Back in 1999, in The Future and It’s Enemies, Virginia Postrel hypothesized a growing political split over the implications of technology and social change between “dynamists”, who favored freedom of experimentation and “stasists”who favor top-down, social and political controls over technological progress. Ikle is clearly in the latter camp; while much of AFW is devoted to the outcome of a nuclear attack “from within”, Ikle spends a fair amount of time worrying about the advent of “superintelligence“, the dystopian potential of exotic technology and ends with a plea for a consideration of “stationary-state”economic theory. Shades of the Club of Rome.

Ikle adeptly identifies critical security vulnerabilities and likely hypothetical scenarios that the national security and defense communities have not adequately addressed. More than identifies, Ikle himself has attempted to nudge policy makers into taking necessary steps to minimize the chances of nuclear catastrophe as he once convinced General Curtis LeMay to establish screening procedures for military personnel who had access to nuclear weapons and used coded safety locks on the weapons themselves. The concerns Ikle raises are well worth raising and most should be acted upon to some degree, which is one reason AFW is a “must read” book for anyone interested in strategic or security studies.

That being said, Ikle falls into the common fallacy of futurist books of this type on two counts. First assuming that all that which is necessary for the worst case scenario to come pass will fall perfectly in to place.
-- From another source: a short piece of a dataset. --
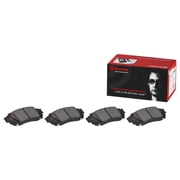 Brembo P83145N Premium NAO Ceramic OE Equivalent Pad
He does this most strenuously with the subjects upon which he has the least to say, such as on “superintelligence” ( which, none of us, in actuality can assess the parameters of, for reasons of self-referential limitations). Secondly, aside from dismissing the benefits of the exotic technologies that Ikle fears, he corrupts his probabilistic estimates of disaster by not accounting for all the positive downstream effects of new technologies that will also be causing societal shifts.

A stimulating and serious book.


James McCormick at Chicago Boyz

John Robb at Global Guerillas

3 Responses to “”

  1. A.E. Says:

    The book definitely has its flaws, but its a useful companion (and counterpoint) to Ray Kurzweil’s largely optimistic work.

  2. mark Says:

    True. A useful balance in that respect.

  3. A.E. Says:

    Perhaps the Hegelian synthesis of the two is John Robb?